Embedding Vector Search w/ Django & PostgreSQL, Part 1

django, docker, postgresql, programming, Python

Sigh. 🙄 Yes–yet another “AI” article in a blog.

The pgvector extension allows PostgreSQL to support vector searches. This ability is useful for implementing RAG solutions. The link has all the background information on the technology. This post will not duplicate the info.

This post is a runbook on setting up:

  • a Docker environment with PostgreSQL and the pgvector extension.
  • a Django application with the client libraries ready to use the vector extension of the PostgreSQL DB.

Setup (Docker)

The first step is to create a “service” (docker-compose concept) for the DB:

services:
  ...
  postgres:
    # Check for latest version as necessary/desired
    image: pgvector/pgvector:pg17
    environment:
      # remove before pushing up to source control
      - POSTGRES_PASSWORD=mysecretpassword
    ports:
      - "5432:5432"
    expose:
      - "5432"
    volumes:
      # Optional; use a host volume
      - ./data/psql:/var/lib/postgresql/data

Then bring up the service once to initialize the DB:

> docker-compose up postgres
...
postgres-1  | 2025-02-13 03:05:22.288 UTC [1] LOG:  database system is ready to accept connections

The image pgvector/pgvector:pg17 is a Docker image for PostgreSQL 17 with the pgvector extension bundled.

Create a DB (if necessary)

Create a DB to be used if necessary.

> docker-compose run --rm postgres psql -h postgres -U postgres 
Password for user postgres: .....
...
> create database mydb;
> \q

The POSTGRES_PASSWORD environment entry can now be removed from docker-compose.yml.

Django Connection to PostgreSQL

Add the psycopg dependency so we can use PostgreSQL.

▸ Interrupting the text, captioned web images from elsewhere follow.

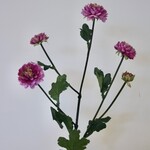CHRYSANTHEMUM | FUCHSIA | 68 CM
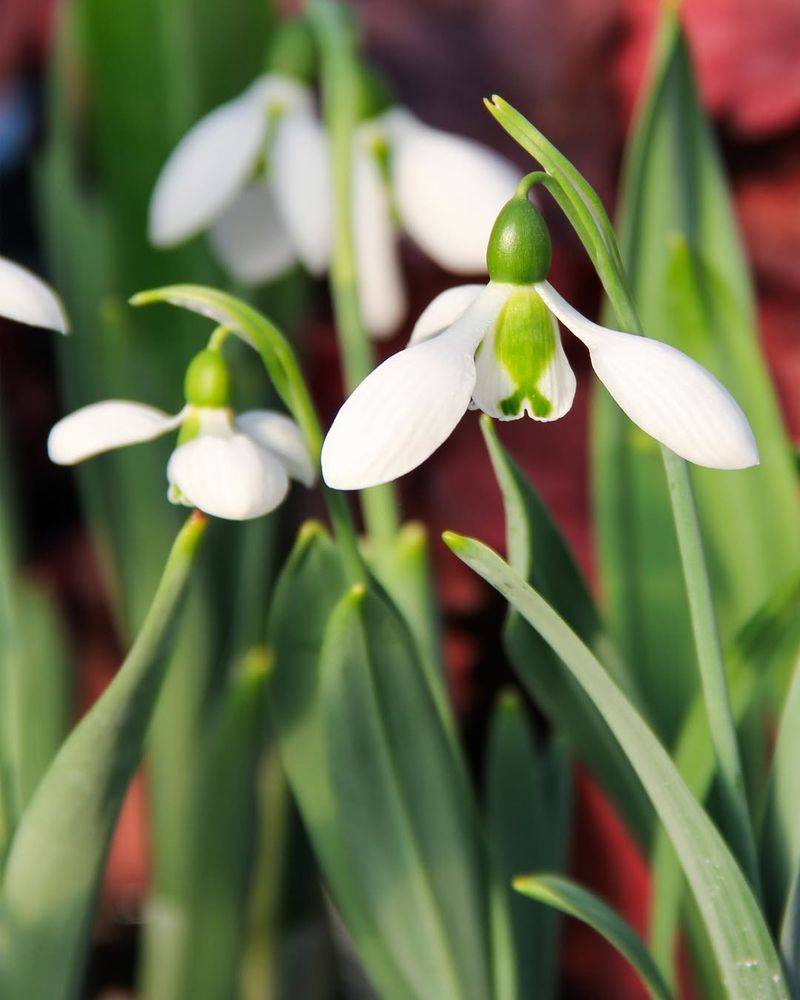 Snowdrops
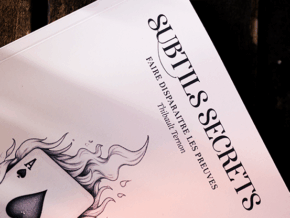 Subtle Secrets 1 by Thibault Ternon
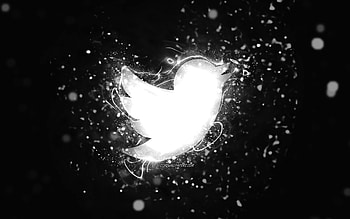 Twitter white logo, , white neon lights, creative, black abstract background, Twitter logo, social network, Twitter HD wallpaper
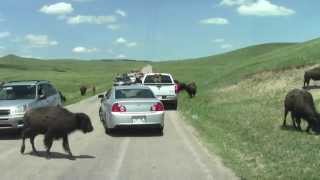 Wildlife Loop Road Custer State Park South Dakota [upl. by Akenet999]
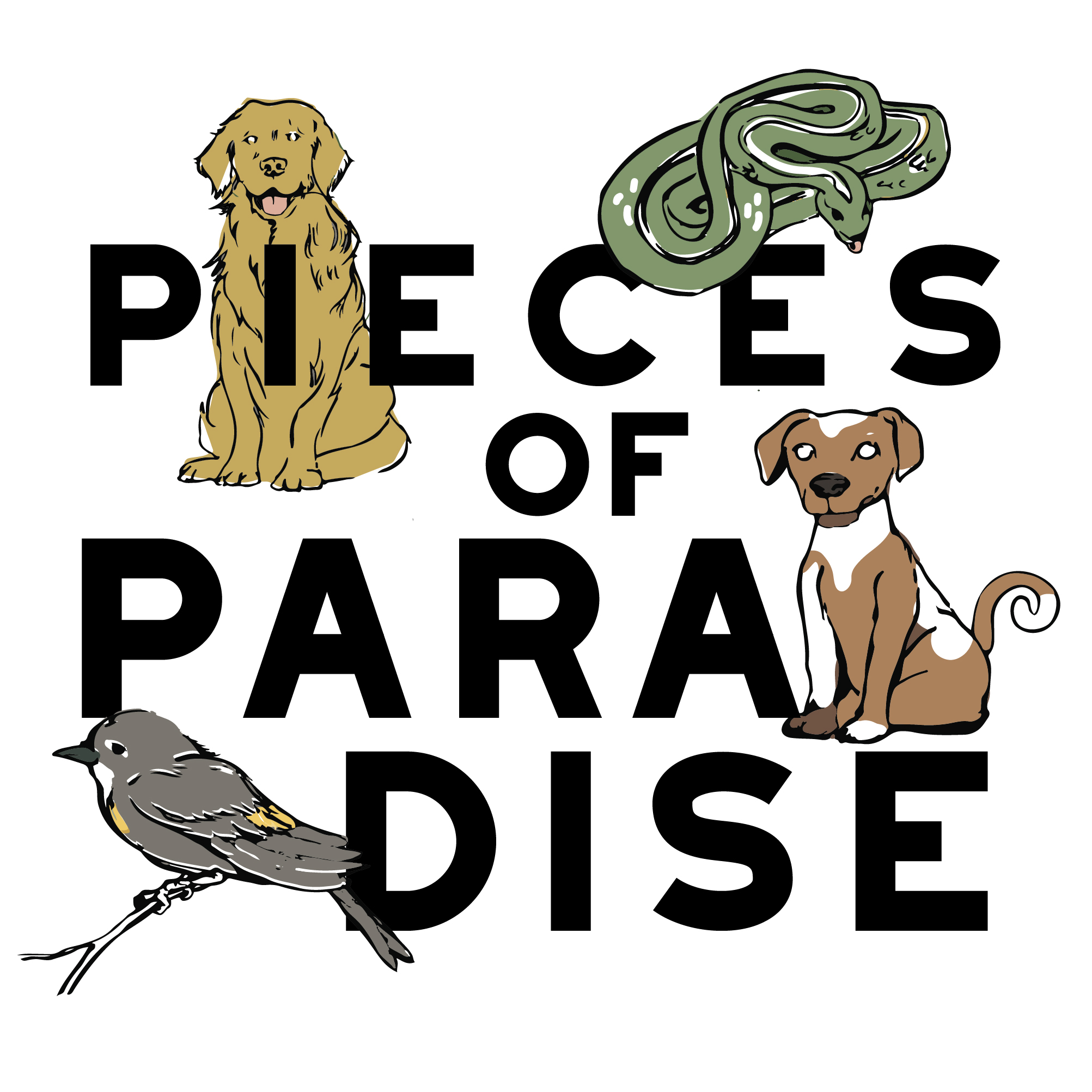 Pieces of Paradise is an inspiring audio play about four humans and their animal witnesses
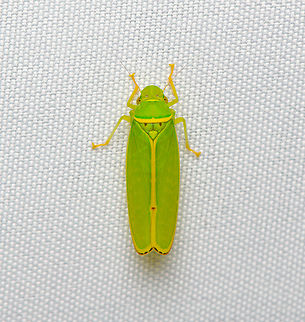 Paromenia sp., Santa Marta, Colombia Leafhopper -> Sharpshooter. Colombia,Colombia 2024,Fall,Geotagged,Santa Marta,Sierra Nevada de Santa Marta,South America,World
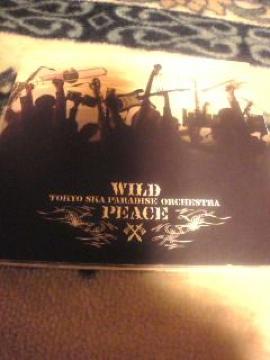 DVDtCD,޲ WILD PEACE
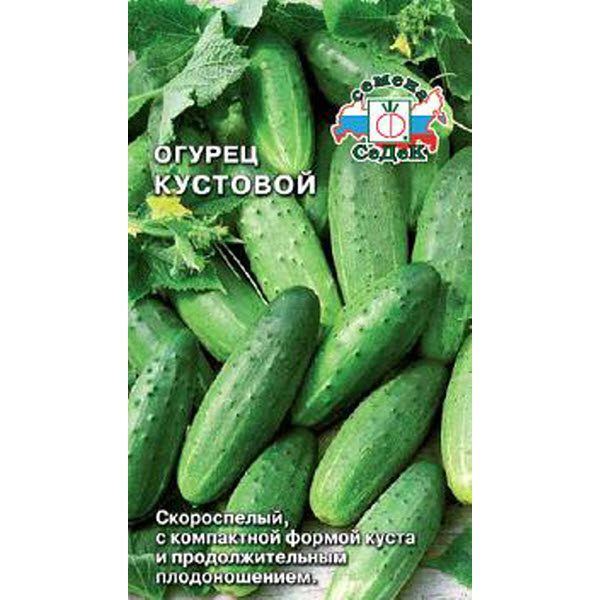 the best varieties of bush cucumbers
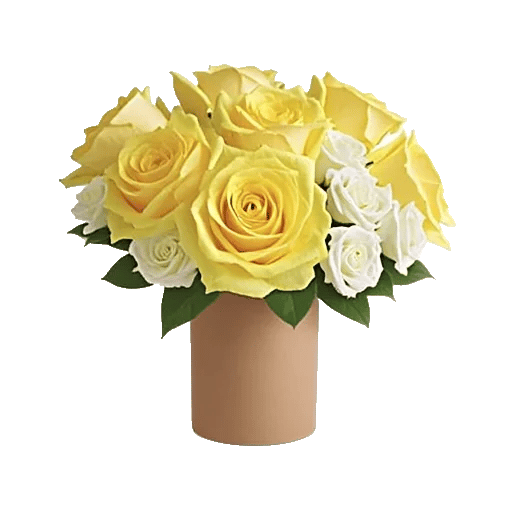 Radiant Rose Symphony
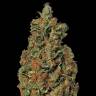 купить семена конопли Red Diesel feminised Barneys Farm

Shell into the Django app container and run:

> pip install psycopg
...
> pip freeze -r requirements.txt > requirements.txt

Tell Django to use the PostgreSQL DB instead of the default SQLite:

DATABASES = {
    # 'default': {
    #     'ENGINE': 'django.db.backends.sqlite3',
    #     'NAME': BASE_DIR / 'db.sqlite3',
    # }
    "default": {
        "ENGINE": "django.db.backends.postgresql",
        "HOST": "postgres",  # Matches the docker "service" name
        "NAME": "mydb",      # the DB name
        "USER": "postgres",  # the default user
        "PASSWORD": "mysecretpassword",  # the password from POSTGRES_PASSWORD above
    }
}

Verify by running the prerequisite migrations for a Django application:

> python manage.py migrate
...
Operations to perform:
  Apply all migrations: admin, auth, contenttypes, sessions
Running migrations:
  Applying contenttypes.0001_initial... OK
  ...
  Applying sessions.0001_initial... OK

Install pgvector-python

Follow the directions here: https://github.com/pgvector/pgvector-python. Shell into the Django app container and run:

> pip install pgvector
...
> pip freeze -r requirements.txt > requirements.txt

There are also examples there for Django.